September 11th *updated*

Seeing as this day holds memories of happiness and sadness and I hope to never forget what happened, it's time for my traditional Sept. 11th blog.



This image while not the best, as I was watching the coverage of Pope Benedict at Ground Zero via the jumbo-trons in Yankee Stadium reminds us how sacred the ground at Ground Zero is. Today holds many memories, happy ones as it's my brother and sister-in-law's ninth anniversary. Smart ass that he is, my brother chose 9-1-1 so everyone would remember it, and it happened to be a Saturday, so they went with it. Little did we know what would happen. There are sad memories from the actual day in 2001 and this year the date stings a bit more.

I remembered that Bernadette would have been 6 months old on Sunday, but it bypassed me that today would be her 6 month anniversary. While Bernadette is not my niece and I know that I will never know the pain that her mother, father, sisters, aunts, uncles, cousins, and grandparents feel, but it still stings. I know Bernadette's family quite well and I did drop most things to go watch my friends' (Bernadette's aunt and uncle) kids so they could be with Bernadette's mom and dad, so I was there in spirit. It just doesn't seem like March was only 6 months ago. Bernadette graced us from March 7th- March 11th, and we are all better for it. Bernadette, her parents and her sister are a great story/image for the pro-life movement. Bernadette was given the gift of life by her parents because they believe that all life is sacred, even those that are supposed to only last a few hours. Bernadette had a condition called anencephaly, so her parents knew from fairly on in the pregnancy what the outcome would be. They never backed down in defending their daughter's right to life, and for that among other things, they fall into the category of "heroes" in my mind and are a great example of the Gospel of Life that JP2 called us to. Bernadette, enjoy your place in Heaven and keep praying for us.

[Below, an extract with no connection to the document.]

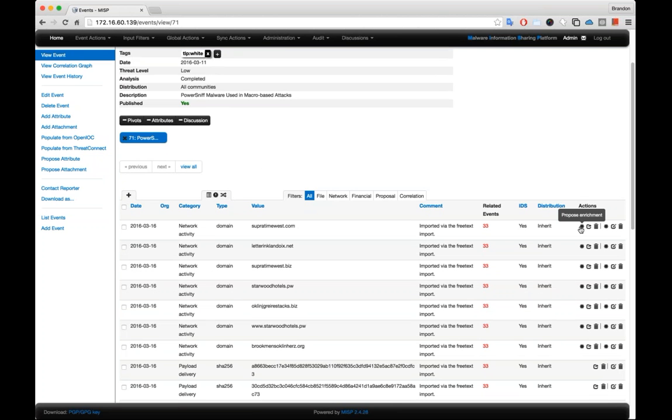you'll see this small little asterisk on each of the items where a module can actually run.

Each year I try to write something about today and it is usually the "where was I on Sept. 11th" blog. This year will be similar, but different as each year we are removed brings something with it.


What I wrote last year via my livejournal...
"I did a google search for the "dennis mchugh run" and found this " Today, LoHud.com carries a special Community View, by Chloe McHugh, the daughter of FDNY member Dennis McHugh, who was killed at the World Trade Center.

Here's a section of Chloe's Community View: "My dad, Dennis McHugh of Ladder 13 was one of the 3,016 people that died on 9/11. My dad was one of those "wake-up and be happy" kind of guys, he never let anything bring him down. He loved to run and go to the library with me but he also liked to work. In the six years that he has been dead there have been a lot of changes in not only my life, but in everyone's lives. If you take a good look around you can see all the changes that have happened. Do you see what the firefighters, policemen,and policewomen have done to change this country? My dad was one of the many people who ran in at the last moment to get as many people as possible out of the falling buildings.""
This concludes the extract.